In the Media

Met enters not guilty plea over tube killing

PUBLISHED September 20, 2006

The prosecution of the Metropolitan police for shooting dead an innocent Brazilian man will centre on alleged blunders by the force in planning and strategy as well as errors in the control room running the operation, it emerged yesterday.

Jean Charles de Menezes was killed on July 22 last year at Stockwell tube station, south London, after being mistaken for a terrorist. The Met has been charged under health and safety law in connection with the killing and yesterday formally entered a plea of not guilty to a charge that it failed in its duty of care to Mr De Menezes.

The short hearing at City of Westminster magistrates court heard prosecutor Mark Carroll say the crown would argue that several errors led to the mistaken shooting of Mr De Menezes.

The charge alleges the force "failed to conduct its undertaking, namely the investigation, surveillance, pursuit and detention of a suspected suicide bomber, in such a way as to ensure that the person not in its employment (namely Jean Charles de Menezes) was not thereby exposed to risks to his health or safety".

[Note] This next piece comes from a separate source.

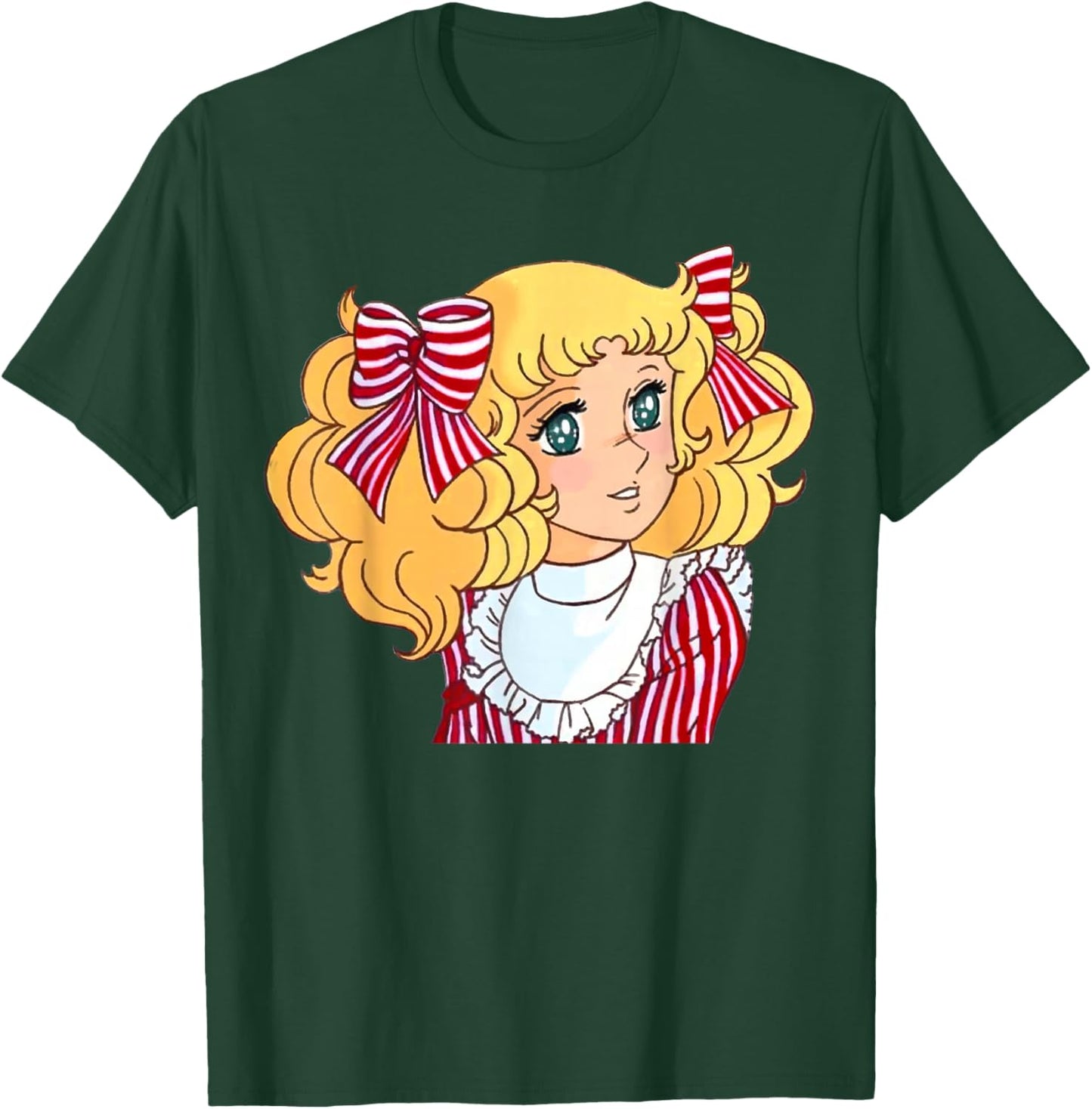 Candy Candy Japanese Retro Vintage 80s Anime Manga T-Shirt - T-Shirt | Forest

The Met could face an unlimited fine if found guilty. Yesterday, in a statement issued after the hearing, it said health and safety law was not the right way to judge police actions in an anti-terrorist operation. The shooting happened the day after an alleged attempt to bomb three tube trains and a bus in London, and a fortnight after the tube blasts in which 52 people died. The Met said the prosecution had "implications for the general public in that it concerns the ability of the police service to protect the public at large when carrying out armed operations".